GPSA Takes Part in USAID Round Table on Strengthening Local Governance and Accountability

On March 9th 2016, USAID brought together staff, implementing partners and thought leaders working on local governance, service delivery and accountability at the JW Marriott Hotel in Washington DC. The purpose was to critically reflect on lessons from USAID-supported local governance programming over the last two decades, examine local governance and accountability as entry-points for integrated programming and discuss how USAID and other development actors can most effectively support locally-driven, locally-owned approaches to strengthening local governance, service delivery and domestic accountability.
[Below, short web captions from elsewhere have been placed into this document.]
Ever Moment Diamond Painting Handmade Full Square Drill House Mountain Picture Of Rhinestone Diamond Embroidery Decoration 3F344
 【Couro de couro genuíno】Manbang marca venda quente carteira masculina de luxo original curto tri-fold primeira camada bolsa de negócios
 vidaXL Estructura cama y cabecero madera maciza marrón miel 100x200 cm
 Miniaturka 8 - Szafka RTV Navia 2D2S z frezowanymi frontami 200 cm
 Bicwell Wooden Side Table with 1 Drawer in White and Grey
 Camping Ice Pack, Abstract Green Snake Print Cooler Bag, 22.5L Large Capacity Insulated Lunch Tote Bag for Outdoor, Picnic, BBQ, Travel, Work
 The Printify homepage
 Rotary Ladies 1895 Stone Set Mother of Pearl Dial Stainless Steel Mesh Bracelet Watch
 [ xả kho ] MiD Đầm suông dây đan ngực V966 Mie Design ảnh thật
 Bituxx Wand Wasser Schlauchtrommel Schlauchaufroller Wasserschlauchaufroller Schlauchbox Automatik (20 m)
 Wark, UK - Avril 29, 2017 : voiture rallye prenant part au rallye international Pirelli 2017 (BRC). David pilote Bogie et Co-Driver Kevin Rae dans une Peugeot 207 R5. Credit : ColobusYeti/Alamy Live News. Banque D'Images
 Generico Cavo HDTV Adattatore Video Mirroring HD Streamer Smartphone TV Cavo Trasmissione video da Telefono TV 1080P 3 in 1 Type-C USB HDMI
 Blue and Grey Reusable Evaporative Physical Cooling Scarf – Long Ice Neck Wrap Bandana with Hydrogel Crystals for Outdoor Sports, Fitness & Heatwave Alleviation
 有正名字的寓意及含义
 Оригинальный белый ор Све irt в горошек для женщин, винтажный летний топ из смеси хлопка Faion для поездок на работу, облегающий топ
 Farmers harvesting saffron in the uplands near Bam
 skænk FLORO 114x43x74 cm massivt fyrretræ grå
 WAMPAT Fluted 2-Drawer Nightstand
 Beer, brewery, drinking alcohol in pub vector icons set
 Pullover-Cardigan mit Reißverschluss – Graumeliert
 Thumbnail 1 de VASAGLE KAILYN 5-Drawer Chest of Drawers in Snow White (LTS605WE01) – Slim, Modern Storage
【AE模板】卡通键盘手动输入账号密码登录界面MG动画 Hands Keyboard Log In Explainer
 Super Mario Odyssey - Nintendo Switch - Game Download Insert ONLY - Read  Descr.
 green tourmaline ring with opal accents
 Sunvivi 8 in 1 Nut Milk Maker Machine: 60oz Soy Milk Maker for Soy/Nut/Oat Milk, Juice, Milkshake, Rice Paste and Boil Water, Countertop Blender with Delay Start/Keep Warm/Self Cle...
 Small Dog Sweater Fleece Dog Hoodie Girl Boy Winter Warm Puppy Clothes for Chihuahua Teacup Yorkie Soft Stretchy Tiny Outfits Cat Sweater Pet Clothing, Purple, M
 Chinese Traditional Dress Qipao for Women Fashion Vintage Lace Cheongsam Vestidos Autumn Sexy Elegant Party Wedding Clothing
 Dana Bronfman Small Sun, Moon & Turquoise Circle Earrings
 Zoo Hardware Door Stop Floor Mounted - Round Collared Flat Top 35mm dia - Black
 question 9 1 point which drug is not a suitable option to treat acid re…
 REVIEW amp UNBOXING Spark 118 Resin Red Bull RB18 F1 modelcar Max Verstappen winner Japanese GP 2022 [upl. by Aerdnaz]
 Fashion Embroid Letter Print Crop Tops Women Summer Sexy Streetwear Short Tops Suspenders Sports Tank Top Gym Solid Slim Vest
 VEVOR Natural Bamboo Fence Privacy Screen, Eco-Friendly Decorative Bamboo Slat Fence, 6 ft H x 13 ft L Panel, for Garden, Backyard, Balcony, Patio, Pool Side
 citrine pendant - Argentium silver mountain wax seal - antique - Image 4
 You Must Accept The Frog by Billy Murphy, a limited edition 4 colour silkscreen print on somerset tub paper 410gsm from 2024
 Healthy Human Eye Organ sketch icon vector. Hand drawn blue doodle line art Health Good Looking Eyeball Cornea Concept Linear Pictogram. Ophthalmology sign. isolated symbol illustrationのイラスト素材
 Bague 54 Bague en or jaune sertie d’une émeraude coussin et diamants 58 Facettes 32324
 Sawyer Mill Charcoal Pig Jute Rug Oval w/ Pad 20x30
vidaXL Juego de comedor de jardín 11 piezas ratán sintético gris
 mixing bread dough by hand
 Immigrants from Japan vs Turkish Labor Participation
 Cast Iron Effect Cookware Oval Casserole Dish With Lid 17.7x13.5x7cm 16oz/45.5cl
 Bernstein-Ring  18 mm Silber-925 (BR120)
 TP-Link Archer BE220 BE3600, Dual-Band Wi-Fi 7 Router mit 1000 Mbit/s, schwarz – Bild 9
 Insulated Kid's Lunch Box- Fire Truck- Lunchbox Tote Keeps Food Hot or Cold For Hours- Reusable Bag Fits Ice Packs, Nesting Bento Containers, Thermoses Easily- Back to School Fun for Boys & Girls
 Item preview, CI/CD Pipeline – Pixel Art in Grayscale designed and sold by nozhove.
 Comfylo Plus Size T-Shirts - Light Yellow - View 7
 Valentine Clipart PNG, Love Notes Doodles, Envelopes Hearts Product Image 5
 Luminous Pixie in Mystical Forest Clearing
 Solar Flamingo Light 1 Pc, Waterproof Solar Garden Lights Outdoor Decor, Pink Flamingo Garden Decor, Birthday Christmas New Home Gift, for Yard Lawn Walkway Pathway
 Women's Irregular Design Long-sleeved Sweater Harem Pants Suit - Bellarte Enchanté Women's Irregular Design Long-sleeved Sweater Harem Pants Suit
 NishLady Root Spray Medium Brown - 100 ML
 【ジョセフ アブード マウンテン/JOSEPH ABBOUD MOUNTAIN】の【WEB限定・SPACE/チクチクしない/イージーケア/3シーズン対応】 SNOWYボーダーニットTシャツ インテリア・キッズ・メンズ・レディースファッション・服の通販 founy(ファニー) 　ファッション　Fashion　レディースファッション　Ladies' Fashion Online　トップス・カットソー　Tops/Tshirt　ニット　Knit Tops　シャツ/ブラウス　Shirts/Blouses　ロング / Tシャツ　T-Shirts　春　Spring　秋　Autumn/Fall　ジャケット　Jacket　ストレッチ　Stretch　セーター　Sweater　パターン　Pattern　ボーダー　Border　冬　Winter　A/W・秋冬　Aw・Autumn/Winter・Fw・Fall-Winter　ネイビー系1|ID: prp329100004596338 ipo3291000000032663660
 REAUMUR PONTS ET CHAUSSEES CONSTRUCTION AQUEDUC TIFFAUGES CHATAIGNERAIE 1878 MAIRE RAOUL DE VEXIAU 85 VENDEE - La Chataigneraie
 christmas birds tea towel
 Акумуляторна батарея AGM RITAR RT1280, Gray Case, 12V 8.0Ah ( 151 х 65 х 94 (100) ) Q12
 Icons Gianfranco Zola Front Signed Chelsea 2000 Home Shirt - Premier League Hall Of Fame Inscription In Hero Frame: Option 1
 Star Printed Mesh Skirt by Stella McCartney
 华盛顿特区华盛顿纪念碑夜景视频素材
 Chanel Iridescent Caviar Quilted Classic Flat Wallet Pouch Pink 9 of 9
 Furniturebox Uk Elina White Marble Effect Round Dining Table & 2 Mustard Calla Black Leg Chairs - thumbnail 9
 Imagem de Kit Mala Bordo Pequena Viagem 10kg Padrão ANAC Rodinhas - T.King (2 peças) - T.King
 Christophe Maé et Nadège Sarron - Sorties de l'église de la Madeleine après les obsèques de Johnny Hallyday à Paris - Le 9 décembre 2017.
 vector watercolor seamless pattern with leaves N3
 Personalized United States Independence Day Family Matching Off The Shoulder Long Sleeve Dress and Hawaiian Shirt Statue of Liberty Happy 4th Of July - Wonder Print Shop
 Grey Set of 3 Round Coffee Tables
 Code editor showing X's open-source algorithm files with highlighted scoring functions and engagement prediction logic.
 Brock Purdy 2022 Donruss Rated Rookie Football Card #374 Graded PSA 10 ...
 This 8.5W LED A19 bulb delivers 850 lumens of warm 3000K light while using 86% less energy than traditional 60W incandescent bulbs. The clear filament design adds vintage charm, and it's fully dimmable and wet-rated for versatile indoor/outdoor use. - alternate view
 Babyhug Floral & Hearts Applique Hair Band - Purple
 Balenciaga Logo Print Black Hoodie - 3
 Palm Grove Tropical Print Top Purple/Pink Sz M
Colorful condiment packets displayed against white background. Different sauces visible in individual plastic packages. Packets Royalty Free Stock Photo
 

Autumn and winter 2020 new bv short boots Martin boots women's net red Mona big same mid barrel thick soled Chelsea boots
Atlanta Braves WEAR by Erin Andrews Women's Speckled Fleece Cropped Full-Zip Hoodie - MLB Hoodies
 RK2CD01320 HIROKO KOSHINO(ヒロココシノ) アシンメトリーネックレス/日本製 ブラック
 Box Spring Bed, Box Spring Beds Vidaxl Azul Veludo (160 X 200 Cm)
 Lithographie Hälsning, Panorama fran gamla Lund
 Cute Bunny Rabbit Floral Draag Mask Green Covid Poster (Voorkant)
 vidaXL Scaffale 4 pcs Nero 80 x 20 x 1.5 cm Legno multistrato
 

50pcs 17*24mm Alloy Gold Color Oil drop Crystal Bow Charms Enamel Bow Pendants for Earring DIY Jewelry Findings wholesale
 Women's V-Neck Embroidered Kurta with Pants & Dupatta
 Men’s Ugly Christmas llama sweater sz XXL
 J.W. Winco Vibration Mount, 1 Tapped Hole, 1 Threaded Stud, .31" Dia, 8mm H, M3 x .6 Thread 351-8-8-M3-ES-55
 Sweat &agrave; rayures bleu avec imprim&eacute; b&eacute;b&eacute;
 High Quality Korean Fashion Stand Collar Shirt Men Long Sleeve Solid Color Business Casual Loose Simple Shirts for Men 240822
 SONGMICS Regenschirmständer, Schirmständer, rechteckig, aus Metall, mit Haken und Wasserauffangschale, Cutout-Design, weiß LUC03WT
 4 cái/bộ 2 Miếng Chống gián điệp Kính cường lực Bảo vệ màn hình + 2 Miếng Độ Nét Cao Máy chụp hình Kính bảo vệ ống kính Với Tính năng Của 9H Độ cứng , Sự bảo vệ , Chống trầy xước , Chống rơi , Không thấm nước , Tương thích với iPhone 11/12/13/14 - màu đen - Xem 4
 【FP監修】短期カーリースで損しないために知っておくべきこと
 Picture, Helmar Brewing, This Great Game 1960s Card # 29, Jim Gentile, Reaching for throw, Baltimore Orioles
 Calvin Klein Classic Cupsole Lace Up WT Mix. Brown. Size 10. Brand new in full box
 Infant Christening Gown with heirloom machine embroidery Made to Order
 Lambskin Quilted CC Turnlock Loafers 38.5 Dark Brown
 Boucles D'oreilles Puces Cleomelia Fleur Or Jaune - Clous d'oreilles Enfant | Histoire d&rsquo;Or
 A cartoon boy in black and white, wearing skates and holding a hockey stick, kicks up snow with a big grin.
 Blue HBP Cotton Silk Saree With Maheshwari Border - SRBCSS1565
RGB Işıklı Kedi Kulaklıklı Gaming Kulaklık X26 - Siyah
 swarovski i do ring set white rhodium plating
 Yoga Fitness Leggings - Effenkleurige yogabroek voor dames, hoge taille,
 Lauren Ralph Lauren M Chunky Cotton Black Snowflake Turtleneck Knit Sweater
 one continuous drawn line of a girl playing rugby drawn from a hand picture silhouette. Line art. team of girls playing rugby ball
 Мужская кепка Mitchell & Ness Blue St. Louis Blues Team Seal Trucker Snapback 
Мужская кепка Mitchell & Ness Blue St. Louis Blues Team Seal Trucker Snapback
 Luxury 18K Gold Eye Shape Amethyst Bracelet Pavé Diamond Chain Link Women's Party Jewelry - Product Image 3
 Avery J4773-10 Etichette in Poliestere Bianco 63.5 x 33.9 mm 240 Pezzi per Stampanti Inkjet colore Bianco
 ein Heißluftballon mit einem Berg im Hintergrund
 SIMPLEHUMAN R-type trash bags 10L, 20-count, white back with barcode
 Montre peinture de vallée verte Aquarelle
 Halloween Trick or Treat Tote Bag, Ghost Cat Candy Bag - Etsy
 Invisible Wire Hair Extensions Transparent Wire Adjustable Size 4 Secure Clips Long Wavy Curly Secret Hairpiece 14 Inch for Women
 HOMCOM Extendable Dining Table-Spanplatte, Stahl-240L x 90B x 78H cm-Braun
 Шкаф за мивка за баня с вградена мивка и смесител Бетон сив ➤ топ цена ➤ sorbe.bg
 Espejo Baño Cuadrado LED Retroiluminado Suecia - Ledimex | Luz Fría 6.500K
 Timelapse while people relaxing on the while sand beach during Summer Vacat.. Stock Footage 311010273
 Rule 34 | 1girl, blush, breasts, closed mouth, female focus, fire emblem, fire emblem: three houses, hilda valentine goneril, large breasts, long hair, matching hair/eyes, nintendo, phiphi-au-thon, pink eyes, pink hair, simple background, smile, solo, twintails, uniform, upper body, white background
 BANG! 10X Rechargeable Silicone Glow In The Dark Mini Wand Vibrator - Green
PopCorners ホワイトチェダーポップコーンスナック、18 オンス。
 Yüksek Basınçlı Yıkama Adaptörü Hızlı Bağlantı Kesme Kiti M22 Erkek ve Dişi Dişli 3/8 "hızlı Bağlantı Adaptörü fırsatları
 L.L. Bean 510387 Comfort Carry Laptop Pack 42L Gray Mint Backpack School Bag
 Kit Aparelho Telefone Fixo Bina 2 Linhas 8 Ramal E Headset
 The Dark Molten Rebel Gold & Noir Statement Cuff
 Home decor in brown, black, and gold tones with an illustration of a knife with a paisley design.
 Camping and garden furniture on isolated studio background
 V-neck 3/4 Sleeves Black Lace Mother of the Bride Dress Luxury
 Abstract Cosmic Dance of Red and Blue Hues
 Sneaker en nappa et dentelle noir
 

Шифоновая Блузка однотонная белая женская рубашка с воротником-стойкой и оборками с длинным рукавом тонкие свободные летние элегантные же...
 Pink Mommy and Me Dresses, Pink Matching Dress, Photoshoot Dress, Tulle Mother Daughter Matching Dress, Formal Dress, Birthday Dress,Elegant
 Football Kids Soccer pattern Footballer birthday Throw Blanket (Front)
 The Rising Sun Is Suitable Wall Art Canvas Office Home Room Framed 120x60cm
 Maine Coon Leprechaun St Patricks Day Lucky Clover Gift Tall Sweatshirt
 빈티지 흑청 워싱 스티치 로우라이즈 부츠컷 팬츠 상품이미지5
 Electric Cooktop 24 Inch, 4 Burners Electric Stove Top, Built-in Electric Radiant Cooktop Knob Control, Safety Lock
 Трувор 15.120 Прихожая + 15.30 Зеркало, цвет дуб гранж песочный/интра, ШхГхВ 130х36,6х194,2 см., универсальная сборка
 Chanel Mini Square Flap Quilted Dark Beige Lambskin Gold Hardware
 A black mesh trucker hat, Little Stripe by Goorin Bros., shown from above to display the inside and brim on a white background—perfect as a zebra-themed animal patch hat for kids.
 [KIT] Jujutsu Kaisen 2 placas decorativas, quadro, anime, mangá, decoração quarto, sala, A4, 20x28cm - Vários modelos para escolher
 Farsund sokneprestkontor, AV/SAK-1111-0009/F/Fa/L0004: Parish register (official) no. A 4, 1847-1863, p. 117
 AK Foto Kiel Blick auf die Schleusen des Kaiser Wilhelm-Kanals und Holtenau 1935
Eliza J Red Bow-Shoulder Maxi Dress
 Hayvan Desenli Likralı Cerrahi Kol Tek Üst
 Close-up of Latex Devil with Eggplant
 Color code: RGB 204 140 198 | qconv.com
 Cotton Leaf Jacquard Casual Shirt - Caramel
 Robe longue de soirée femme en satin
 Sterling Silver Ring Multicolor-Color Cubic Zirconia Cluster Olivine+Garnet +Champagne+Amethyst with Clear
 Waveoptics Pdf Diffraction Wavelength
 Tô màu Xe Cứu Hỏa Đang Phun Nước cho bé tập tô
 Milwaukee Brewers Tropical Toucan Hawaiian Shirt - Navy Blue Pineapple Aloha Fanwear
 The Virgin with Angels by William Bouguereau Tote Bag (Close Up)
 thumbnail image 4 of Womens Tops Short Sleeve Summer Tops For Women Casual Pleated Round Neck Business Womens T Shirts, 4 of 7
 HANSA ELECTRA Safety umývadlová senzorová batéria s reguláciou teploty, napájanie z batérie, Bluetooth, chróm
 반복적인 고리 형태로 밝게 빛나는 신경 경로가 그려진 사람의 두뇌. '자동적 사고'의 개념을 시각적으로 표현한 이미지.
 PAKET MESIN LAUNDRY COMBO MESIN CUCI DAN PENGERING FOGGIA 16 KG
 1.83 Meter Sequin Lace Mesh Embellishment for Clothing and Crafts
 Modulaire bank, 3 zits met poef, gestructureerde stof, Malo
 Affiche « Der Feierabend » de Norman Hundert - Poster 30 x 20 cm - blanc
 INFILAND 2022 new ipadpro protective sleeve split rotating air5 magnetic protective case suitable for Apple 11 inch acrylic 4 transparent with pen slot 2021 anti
The meeting – which was organized by the cross-sectoral working group to review progress on integrating democracy, human rights and governance (DRG) perspectives in USAID programming – looked at some overarching trends and assumptions in the sector of local governance and accountability, illustrated by practical examples from programming as well as recent research.

Rather than thinking of local governance as a panacea to accountable service delivery, both researchers and practitioners stressed the need to focus both on the ‘first mile’ i.e. where political beliefs and societal norms are formed at different levels, as well as the ‘last mile’ of holding local service deliverers to account. The shift away from just ‘fixing services’ towards a more holistic and adaptive approach to social accountability was seen as one of the most important lessons over the last couple of decades, reflected also in some of the country cases presented. This was also illustrated in GPSA’s panel presentation of practical examples, drawing on in-country experiences of grantees and the overall GPSA approach to knowledge and learning.

A holistic approach, it was argued, needs to be both context-sensitive and take into account the political as well as the fiscal incentives for local governance reform in order to set up effective engagement mechanisms with local structures. Reminding the meeting that donor aid is political too, the need to analyze and understand the political implications of proposed external interventions was discussed. For social accountability, it was also noted that while existing forces for collective local action may coincide with organized civil society, it may also require broader attitude or behavioral shifts among unorganized citizens at large, or involving informal leadership and networks.

Examples of direct involvement of citizens in the co-creation of solutions with public officials were highlighted from some of the GPSA projects. Others mentioned the role and added value of action-oriented research and long-term impact evaluations as ways to get iterative inputs for adaptive management. In this context, a serious commitment to opening up local government was mentioned. Routinely collected secondary data at municipal or district levels could be used more effectively in ongoing research and monitoring efforts, validated by citizen feedback for local planning and public outreach.

The roundtable was organized as part of a series of reflection meetings conducted by USAID in its internal review of the Action Plan for Cross-Sectoral Integration.

Since 2015, USAID is a contributing donor to the GPSA trust fund, focusing on social accountability activities in the Dominican Republic.